Proposal to ban mixing yard waste with garbage

January 30, 1994|By Donna E. Boller | Donna E. Boller,Staff Writer

Carroll residents wouldn't be allowed to put their grass clippings and leaves into landfill-bound garbage under a proposed ordinance change supported by a majority of the county commissioners.

But the commissioners say they will rely on voluntary compliance rather than try to enforce the requirement that yard waste be placed in the mulching area at the northern landfill in Reese and kept out of the cells where refuse is buried.

The county uses the mulched material in gardening and offers it free to anyone interested.

The ban on mixing grass clippings, leaves, prunings, plants, shrubs and trimmings from from small trees with garbage is contained in proposed amendments to the county ordinance governing solid waste collection. The amendments also would allow the commissioners to make recycling mandatory.

Commissioners Donald I. Dell and Elmer C. Lippy say they will vote for the amendments, but both say they have no plans to take the next step -- enacting mandatory recycling -- unless the county's recycling percentage falls below the state-mandated 15 percent. Commissioner Julia W. Gouge was not available for comment.

The county's recycling percentage for November, the most recent period for which statistics were available, was 17.8 percent.

Mr. Dell indicated that he is in no hurry to act on the ordinance amendments, despite the lapse of 2 1/2 months since a public hearing. The hearing Nov. 8 attracted about 10 people, most of them refuse haulers opposed to mandatory recycling.

"I'm not real excited about it. I'd just as soon wait till we need [mandatory recycling]," Mr. Dell said. "Since we have had a public hearing on it, I guess it would look kind of silly not to adopt it."

The commissioners are waiting for the county attorney to rewrite the section on yard waste. Mr. Dell said he found the wording unclear.

Mr. Dell's suggested language for the section: "After Jan. 1, 1994, the county commissioners will ban yard waste from all dumping cells. The county will receive yard waste at the northern landfill composting facility. . . . The county commissioners will not impose a tipping fee for yard waste at this time. The county may set a tipping fee equal to operating costs."

County Attorney Charles W. Thompson Jr. could not be reached last week for comment on when he might have revised language ready for the commissioners to consider.

Mr.

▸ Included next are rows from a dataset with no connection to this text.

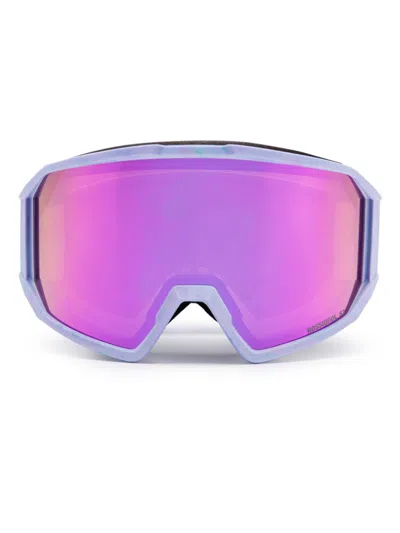 Rossignol Essential Ski Goggles In Purple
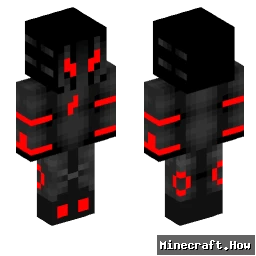 BrockSurvie - Minecraft skin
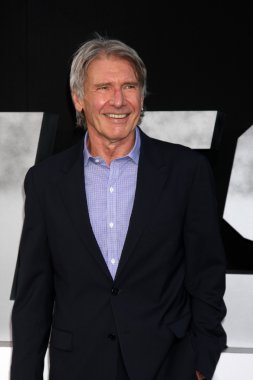 Harrison Ford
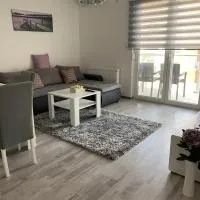 Apartmani Milić Banja Koviljača, hotel di Banja Koviljača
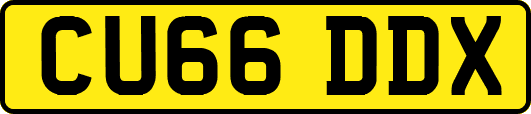 CU66DDX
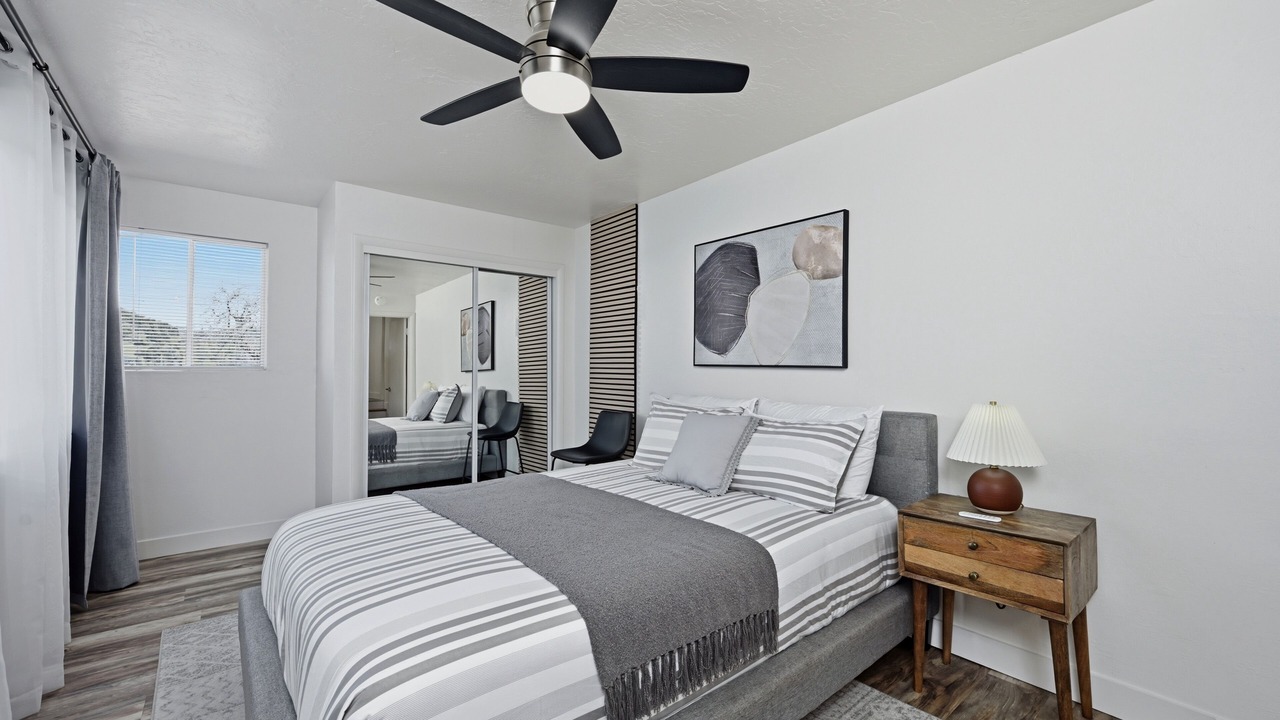 Photo of Bedroom in Clear Lake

Lippy conceded that the county is unlikely to detect leaves or grass clippings mingled with trash unless a weigh master at the landfill notices it.

"That's one of my objections to making it mandatory," Mr. Lippy said. "It would require an Inspector Clouseau of yard waste."

Mr. Dell's proposal to waive the tipping fee for yard waste is intended to provide an incentive for county residents and refuse tTC haulers. "If they understand they'll have to pay for that weight, the incentive is there for everyone" to separate yard waste, he said.

The county landfill tipping fee is $4 for cars and $40 a ton for refuse-hauling trucks.

Vinnie Legge, the county recycling manager, said that if residents separate yard waste from trash, haulers would be required by state regulations to pick up the yard waste separately.

She said that she doesn't have plans for a public education program if the commissioners ban yard waste from garbage but that the county has a flier available on alternative uses for yard waste.

Some incorporated towns have anticipated the commissioners' action by starting pickups of yard waste for mulching or composting.

Westminster, for example, started a separate collection for grass clippings last summer, in addition to the city's traditional collection of leaves in the fall. City crews turned some of the yard waste into mulch and took the rest to the county mulch pile.